The data structure presented in Figure 5 serves as a benchmark for evaluating how one milestone or another suits the interest of the study. The insights on criticality of relationships for possibilities to bootstrap for resources run as a common thread throughout the descriptive accounts for milestones presented earlier. Relationship-oriented bootstrapping is also the most representative in Figure 5. Additionally, I consider the study’s interest in learning the individual perspectives on bootstrapping exchanges from both parties – the entrepreneur and resource providers. This means that, when selecting study phase 2 cases, I will look for instances of entrepreneur-stakeholder relationship that could best satisfy my study’s interest. The detailed account of phase 2 case selection will be given in Chapter 6.
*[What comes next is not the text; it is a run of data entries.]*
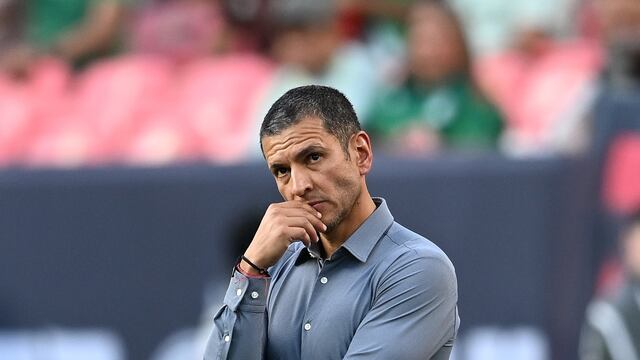 Jaime Lozano con la Selección Mexicana.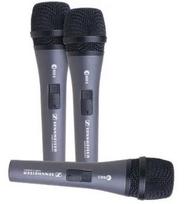 SENNHEISER 3-PACK E835-S, MIKROFONŲ RINKINYS SU 3X, MIHSEN507359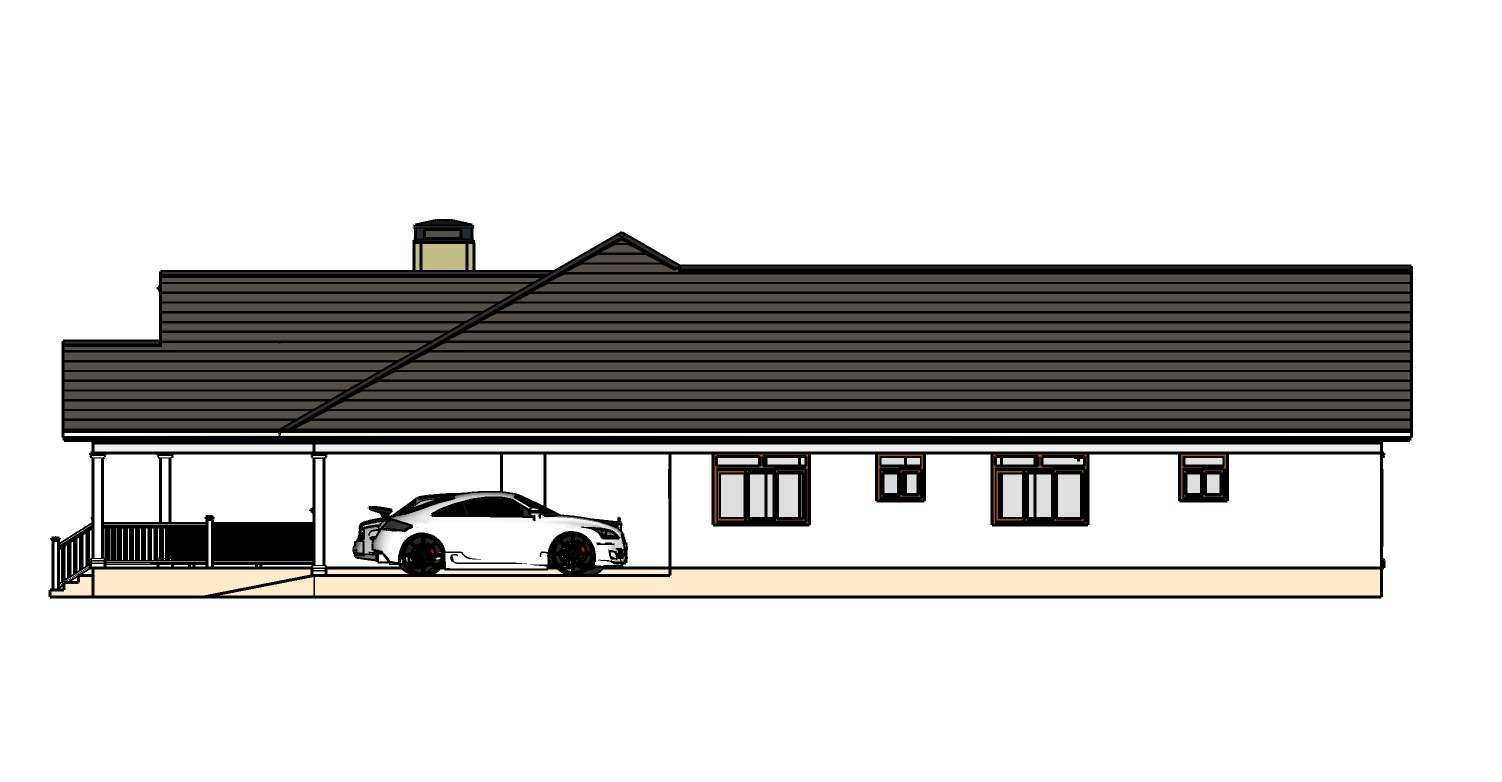 PROPOSED THREE BEDROOM H. (NO.01) RIGHT VIEW
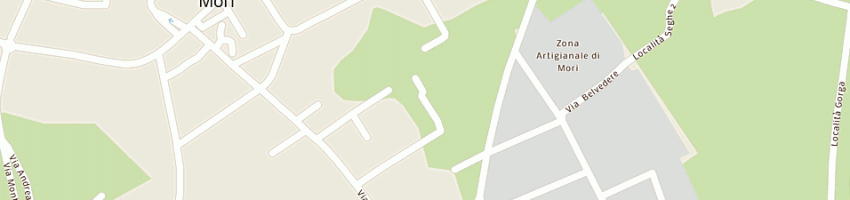 Mappa della impresa godoy fernando maximiliano a MORI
The first aim of study phase 1 – to develop the selection pool of potential phase 2 cases based on empirical data – is thus achieved. I move on to addressing the second purpose – the selection of the theoretical frame of reference.

4.3.2 Theoretical frame of reference considerations

I now consider the theories that could help me conceptualize my data. As per the above discussion, following Figure 5, the entrepreneur’s personal and professional relationships played the most significant role in the firm’s resource acquisition and management throughout the whole longitudinal development. Descriptive accounts of milestones demonstrate that, even when resources were acquired without critical external stakeholders involved, relationships were critical. For instance, the entrepreneur acknowledges that, in cases he had to rely on his own finances, he had to consider how it might affect his family members and negotiate for their support. I also conclude that, while the role of some other types of bootstrapping, like subsidy financing and private-owner financing, diminishes with time, and the role of some others, like minimizing stocks and accounts payable, becomes more critical, relationship-oriented bootstrapping remains important throughout the whole longitudinal development of the firm.
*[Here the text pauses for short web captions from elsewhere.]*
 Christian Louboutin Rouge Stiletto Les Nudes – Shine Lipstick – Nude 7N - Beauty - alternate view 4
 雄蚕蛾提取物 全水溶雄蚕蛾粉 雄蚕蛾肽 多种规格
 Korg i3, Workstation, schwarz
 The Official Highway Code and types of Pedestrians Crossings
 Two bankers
I first consider the real options framework, following McGrath (1999). Although Rita McGrath’s primary background is in strategic management research, her work inspired many entrepreneurship studies (e.g., Wiklund and Shepherd, 2005; Politis, 2005). From the beginning of my journey as a PhD student, I myself was greatly

inspired by McGrath’s research. However, the fit of real options framework for my study is a different question. The article by Adner and Levinthal (2005), published in the Academy of Management Review journal, was particularly helpful in evaluating the fit. Here, the authors argue that real options framework should be applied when the value of options is objective, readily observable, stable, and independent of the behavior of stakeholders. The greater the extent to which these conditions are violated, Adner and Levinthal suggest, the more problematic the application of real options framework.

Conceivably, if my study were to rely on real options theory, it would require a great violation of these properties, as I do not perceive the intrinsic or extrinsic characteristics of options as objective and stakeholder-independent. I therefore decide to dismiss real options as a suitable framework.

I further explore the role of relationships throughout bootstrapping exchanges over time. The non-trivial role of relationships in accessing and managing resources for new firms is extensively noted by bootstrapping researchers and entrepreneurship scholars alike, as discussed earlier in Chapters 1 and 2. Relationships, i.e., the criticality of human and social resources for enabling bootstrapping behaviors, also run as a common thread throughout my phase 1 empirical data, as demonstrated in descriptive accounts of milestones. In my early reading about entrepreneurial resource acquisition and management, an article by Starr and MacMillan (1990) was influential. There, the authors discuss the entrepreneurial social contracting for resources, relying on relational contracting theory by Ian Macneil (1978a). The principles of social contracting for attaining and managing a new firm’s resources that Starr and MacMillan (1990) spoke of hold exceptionally well for the findings of my study’s empirical phase 1. I begin studying Macneil’s original work closely, and soon establish that relational contracting is indeed a well-fitting theoretical framework for my study. I will explain my reasoning leading to such a conclusion in the upcoming Chapter 5.

I now achieved the aims of study phase 1 – to discover the selection pool of potential phase 2 cases, and to select the theoretical frame of reference for my study. The understanding of resource needs and behaviors to address these needs developed in this chapter, as well as implicit understanding of stakeholders’ roles – internal and external – will be critical for further case selection, while the theoretical frame of reference will be critically important for abductive analysis at phase 2. The findings of phase 1 are also instrumental for developing the conceptual framework and the study’s overarching empirical findings. I introduce and justify my theoretical framework next.